Work item:
Restate, exactly as written, the entries below from the line that holds "Empty room with" through the line that holds "A modern kitchen". Pictures are not part of the copy.

Extracted entries:
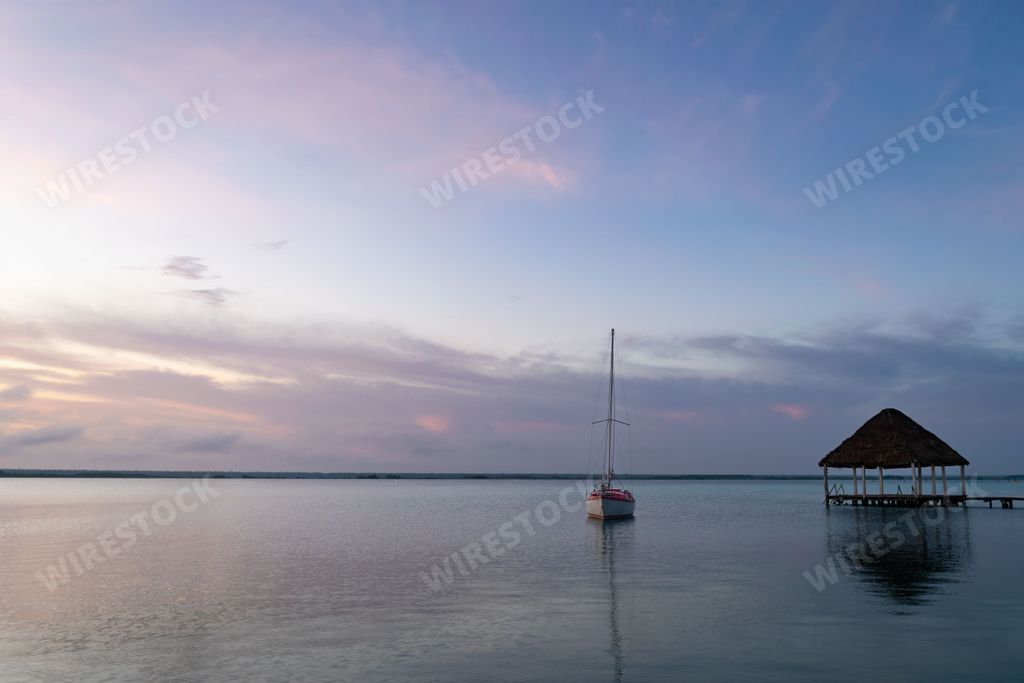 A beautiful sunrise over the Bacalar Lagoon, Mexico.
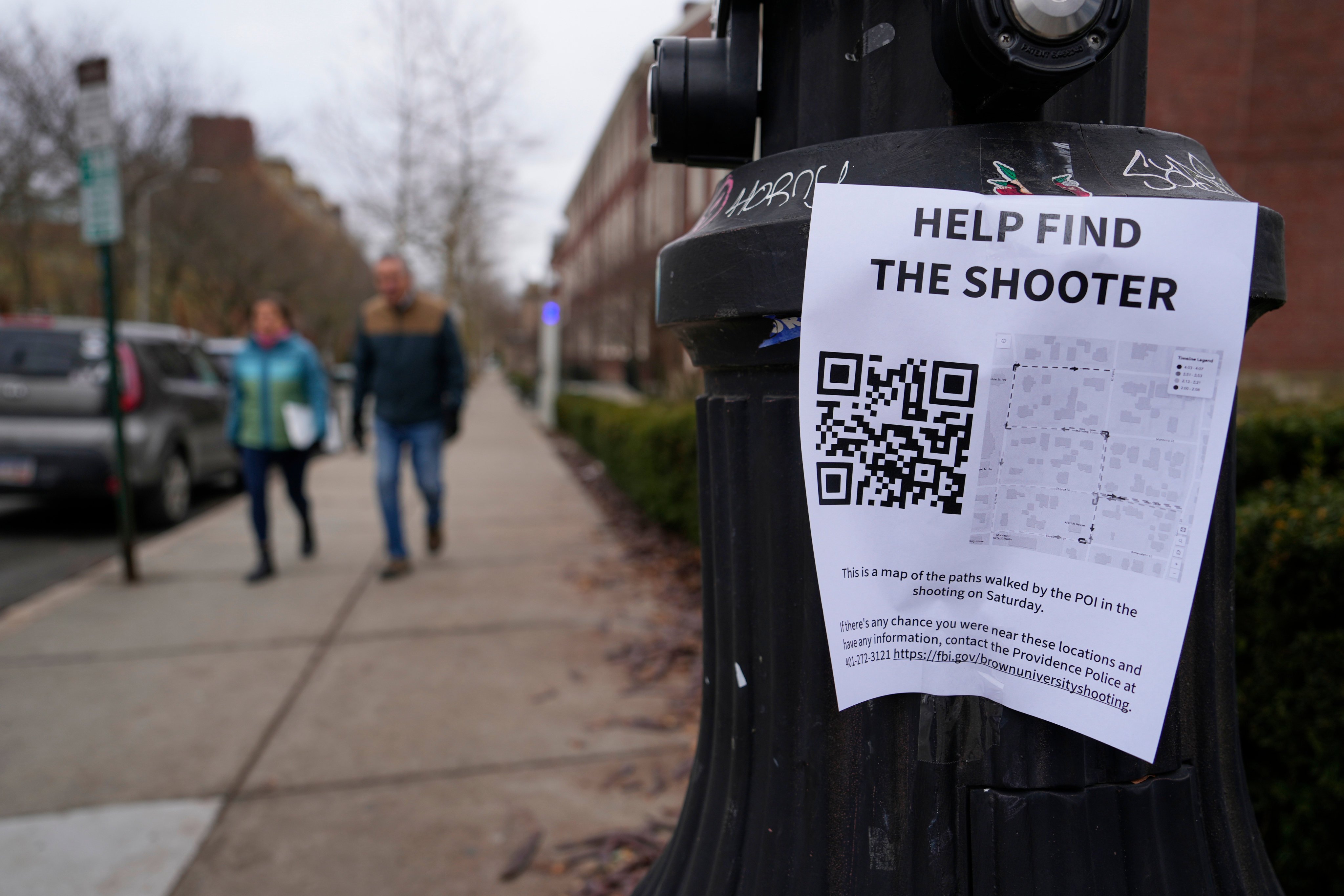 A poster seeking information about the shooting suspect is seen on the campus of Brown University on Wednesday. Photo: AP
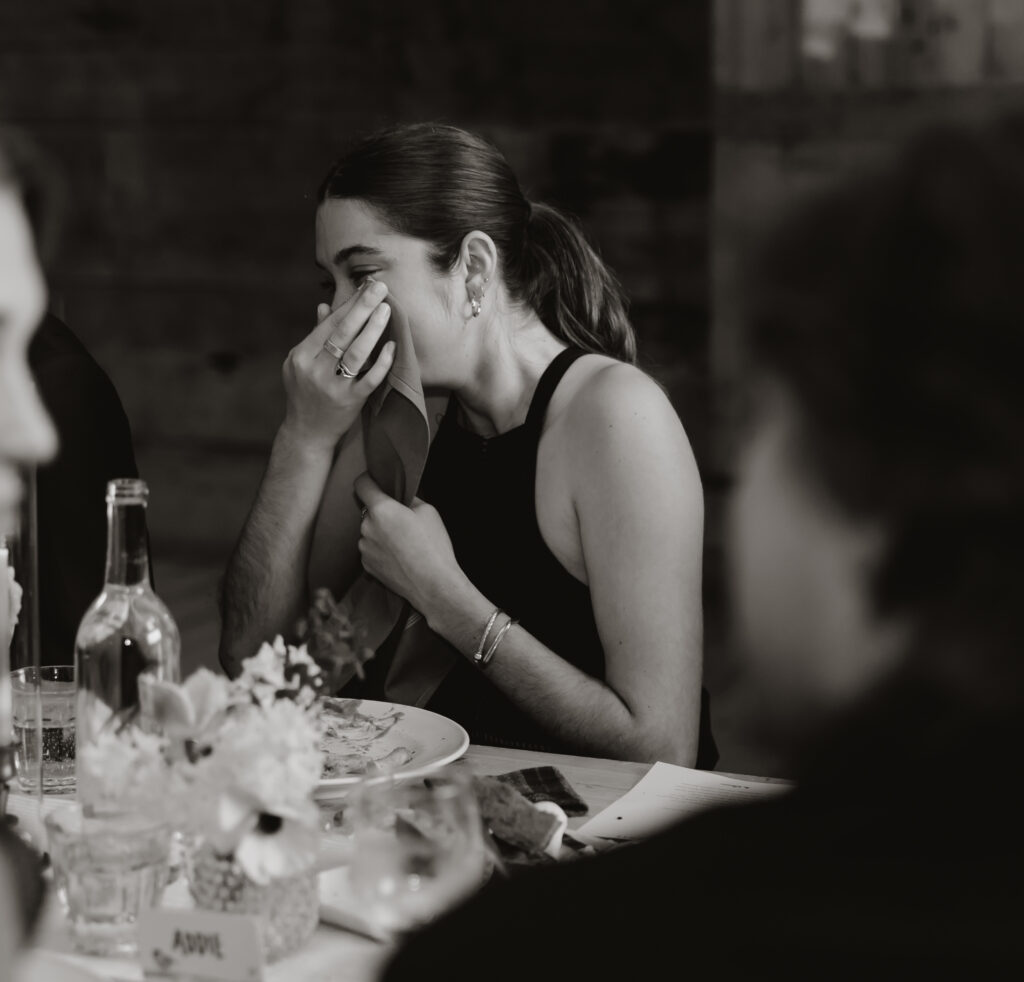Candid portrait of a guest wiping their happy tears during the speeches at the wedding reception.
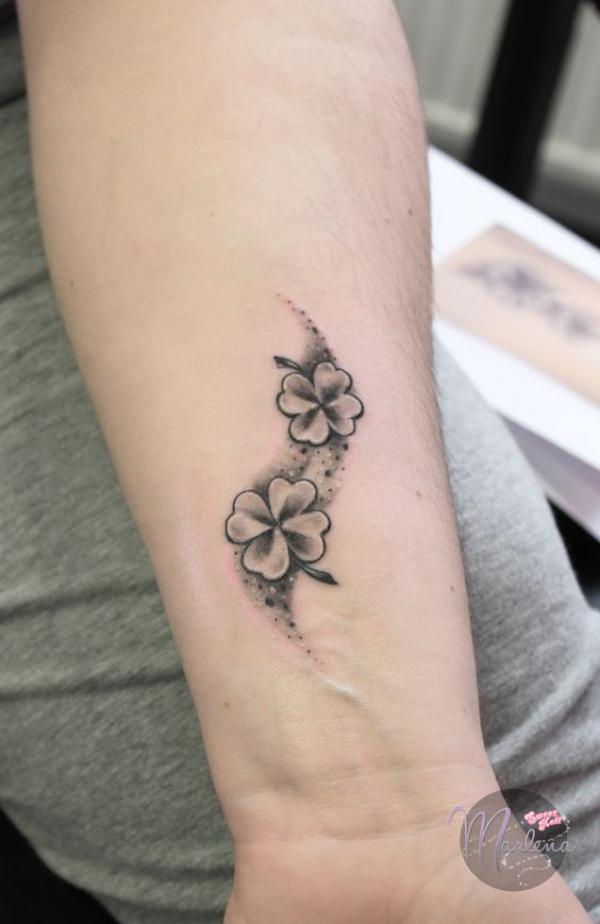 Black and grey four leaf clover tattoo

--

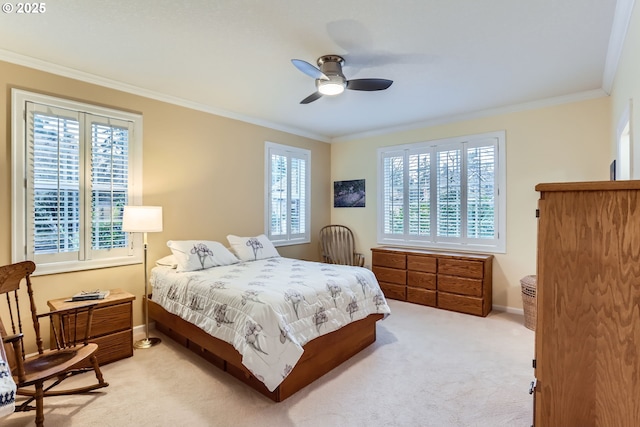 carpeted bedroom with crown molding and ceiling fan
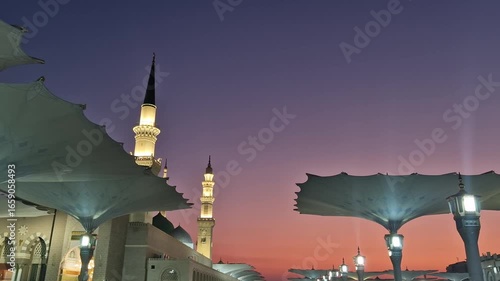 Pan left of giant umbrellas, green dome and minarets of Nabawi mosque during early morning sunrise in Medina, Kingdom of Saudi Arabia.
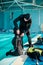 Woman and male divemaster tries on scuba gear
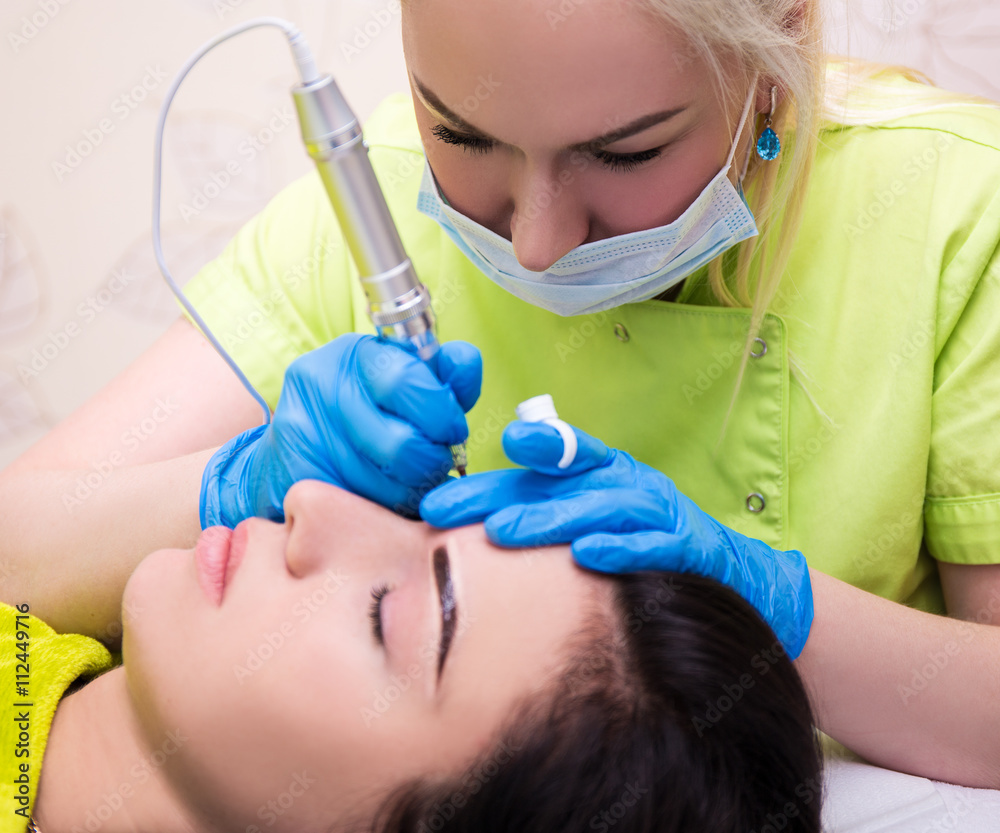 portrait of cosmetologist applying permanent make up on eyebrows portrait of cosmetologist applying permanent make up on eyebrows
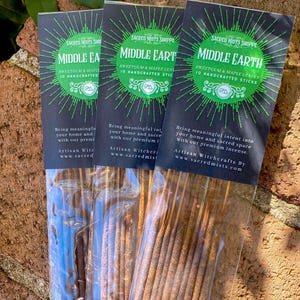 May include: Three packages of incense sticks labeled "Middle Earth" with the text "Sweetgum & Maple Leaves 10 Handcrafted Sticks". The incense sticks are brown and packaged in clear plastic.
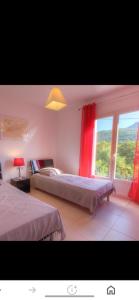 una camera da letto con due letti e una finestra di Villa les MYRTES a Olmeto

==

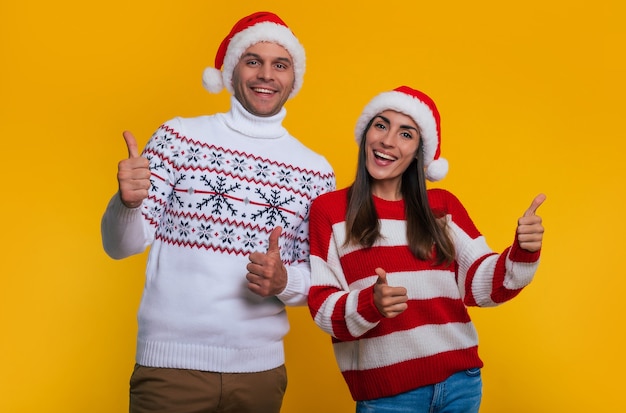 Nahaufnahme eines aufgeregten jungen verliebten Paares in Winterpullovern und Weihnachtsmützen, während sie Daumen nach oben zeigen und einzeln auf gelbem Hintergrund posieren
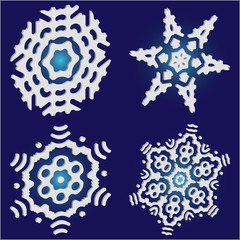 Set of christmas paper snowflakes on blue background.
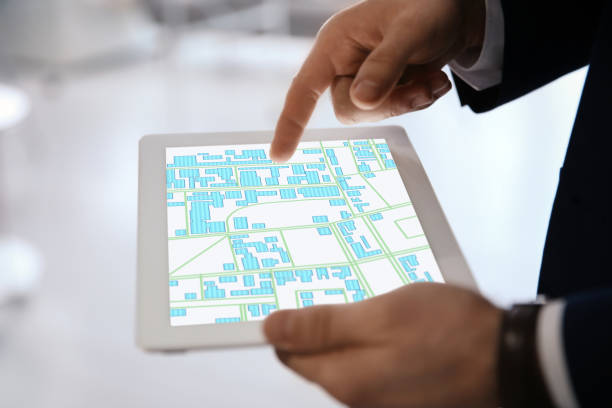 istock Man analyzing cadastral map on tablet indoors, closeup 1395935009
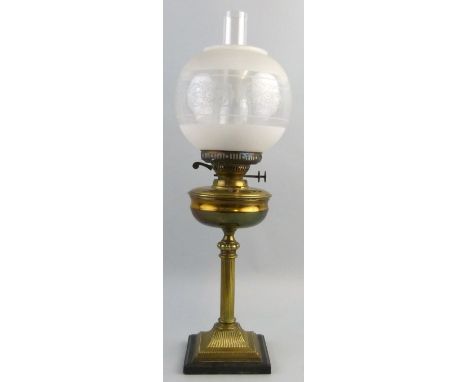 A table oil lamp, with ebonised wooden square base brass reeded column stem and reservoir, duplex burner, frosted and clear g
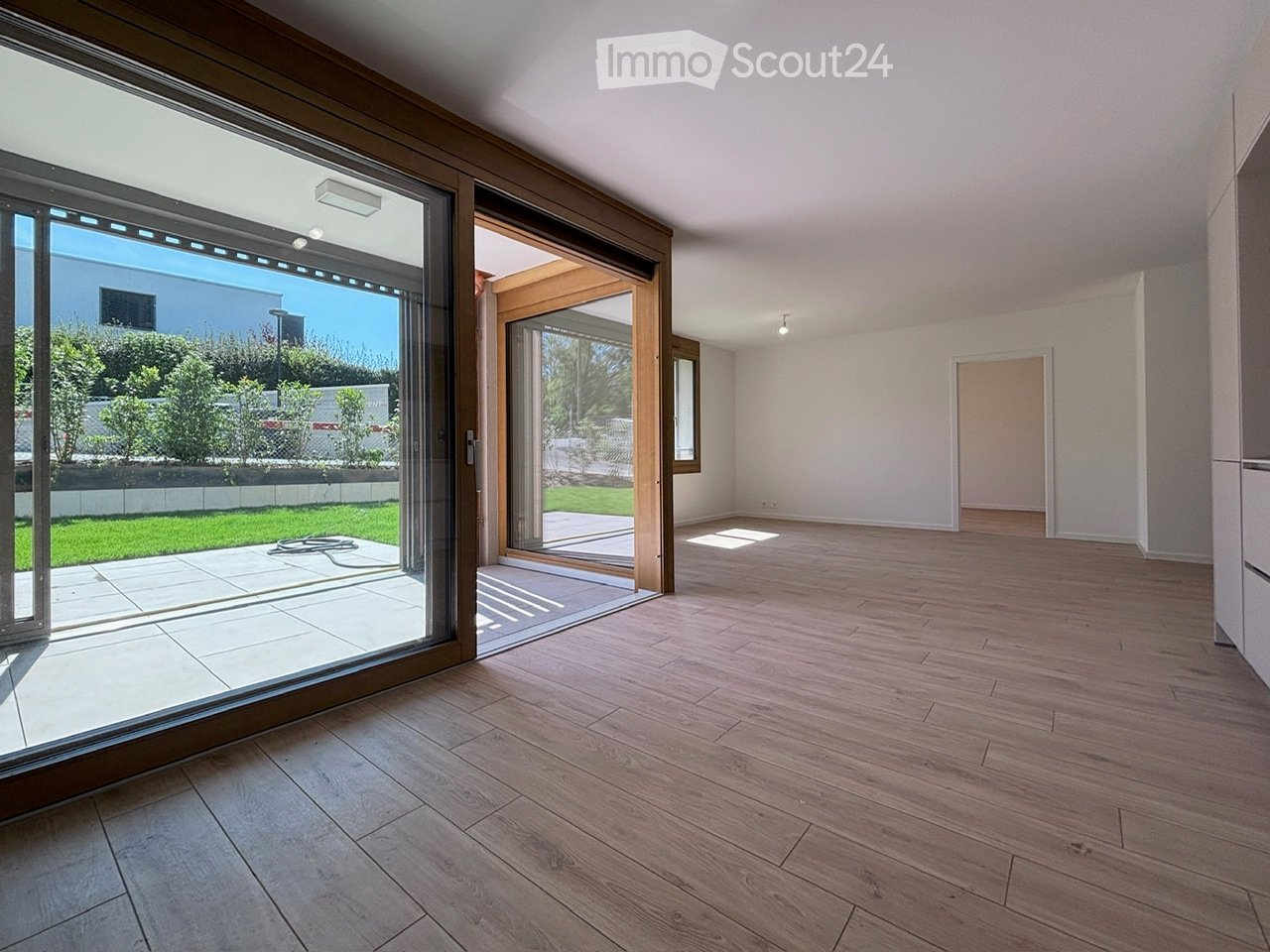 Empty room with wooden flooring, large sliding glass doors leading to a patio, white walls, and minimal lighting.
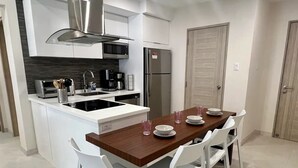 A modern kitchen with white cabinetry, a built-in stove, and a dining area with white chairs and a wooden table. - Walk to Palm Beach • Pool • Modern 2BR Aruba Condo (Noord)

Result of the exercise:
 Empty room with wooden flooring, large sliding glass doors leading to a patio, white walls, and minimal lighting.
 A modern kitchen with white cabinetry, a built-in stove, and a dining area with white chairs and a wooden table. - Walk to Palm Beach • Pool • Modern 2BR Aruba Condo (Noord)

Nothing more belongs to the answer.